» WHAT THE TASK REQUIRES:
Say how many lines in the listing below contain the word "flooring". Give the number alone.

··········

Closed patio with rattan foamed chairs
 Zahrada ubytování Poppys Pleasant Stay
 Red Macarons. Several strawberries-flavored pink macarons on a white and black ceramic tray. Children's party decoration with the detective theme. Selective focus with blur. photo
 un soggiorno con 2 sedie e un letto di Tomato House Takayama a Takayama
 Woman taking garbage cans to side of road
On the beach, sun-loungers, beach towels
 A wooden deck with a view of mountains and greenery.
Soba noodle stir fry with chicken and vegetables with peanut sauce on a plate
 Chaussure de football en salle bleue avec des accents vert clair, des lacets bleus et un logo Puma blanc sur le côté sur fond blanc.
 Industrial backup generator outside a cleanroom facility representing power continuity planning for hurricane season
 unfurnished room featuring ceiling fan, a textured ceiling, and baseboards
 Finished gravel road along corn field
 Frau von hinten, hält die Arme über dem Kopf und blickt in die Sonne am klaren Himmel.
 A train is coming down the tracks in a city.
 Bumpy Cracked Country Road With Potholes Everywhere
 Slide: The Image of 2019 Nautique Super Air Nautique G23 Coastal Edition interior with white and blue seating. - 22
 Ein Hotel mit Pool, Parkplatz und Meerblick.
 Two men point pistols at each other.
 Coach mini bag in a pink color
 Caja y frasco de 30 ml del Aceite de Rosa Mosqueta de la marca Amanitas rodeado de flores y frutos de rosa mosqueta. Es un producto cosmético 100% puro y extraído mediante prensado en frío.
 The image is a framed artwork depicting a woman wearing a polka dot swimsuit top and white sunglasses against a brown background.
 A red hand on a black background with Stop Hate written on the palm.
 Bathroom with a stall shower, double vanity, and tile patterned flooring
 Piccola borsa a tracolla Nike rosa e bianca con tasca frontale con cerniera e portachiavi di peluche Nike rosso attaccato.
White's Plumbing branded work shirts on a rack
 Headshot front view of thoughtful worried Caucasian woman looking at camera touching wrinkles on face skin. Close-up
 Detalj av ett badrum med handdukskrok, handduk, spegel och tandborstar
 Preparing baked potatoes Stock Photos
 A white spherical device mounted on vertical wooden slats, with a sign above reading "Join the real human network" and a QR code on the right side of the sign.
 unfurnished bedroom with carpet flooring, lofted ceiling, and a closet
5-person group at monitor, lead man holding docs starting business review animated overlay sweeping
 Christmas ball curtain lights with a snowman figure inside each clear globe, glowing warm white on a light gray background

··········

» SOLVED PROBLEM:
2